Alcuni mesi dopo questa intervista, il 5 luglio 2019, Prospero ha perso la vita in seguito ad un incidente domestico e ha lasciato la moglie Lucía e quattro figli. «Sapone, come discendente della Basilicata, fu scelto presidente della Federazione delle Associazioni Italiane di Córdoba, la casa madre che sostiene le comunità italiane della provincia» si legge su un articolo di un quotidiano cordobese. In suo onore, un corteo funebre ha riempito la città il 10 luglio scorso.

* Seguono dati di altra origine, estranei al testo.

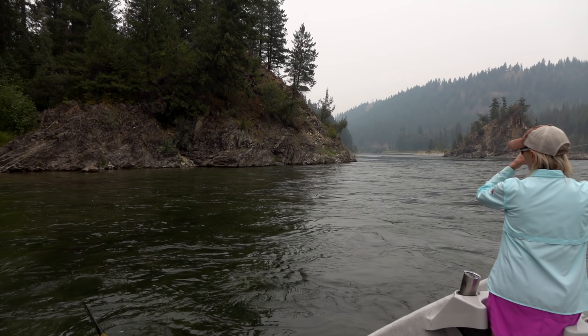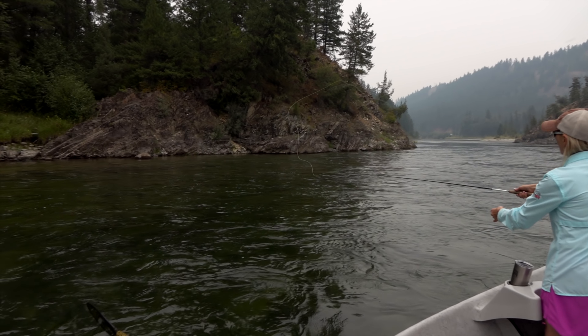The number one point we make when fishing from a drift boat is to start with your back cast down on the water. If you're standing on the drift boat, the rod is elevated, and that's already decreasing the capacity of that tool by 50 percent. If you start the back cast elevated, you're already behind the eight ball. So number one: start with that back cast right down at the water.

Quella di Prospero Sapone è stata una vita consacrata all’Italia, alla sua identità e alla sua cultura. Ascoltare la sua memoria e vederla scontrarsi, ora, con il silenzio della morte, ci ricorda quanto sia importante tenerla viva. L’Italia e la fotografia furono due grandi passioni di Prospero e, oggi, al suo nome è intitolato il concorso di fotografia “Prospero Sapone” con sede a Cordoba.

Il paese credi di lasciarlo, ma non è così

mi aveva detto Prospero durante il nostro incontro. È vero: Prospero ha portato l’Italia con sé per tutta la vita. Nella sua memoria, oggi, custodiamo un pezzo di vita importante del nostro paese.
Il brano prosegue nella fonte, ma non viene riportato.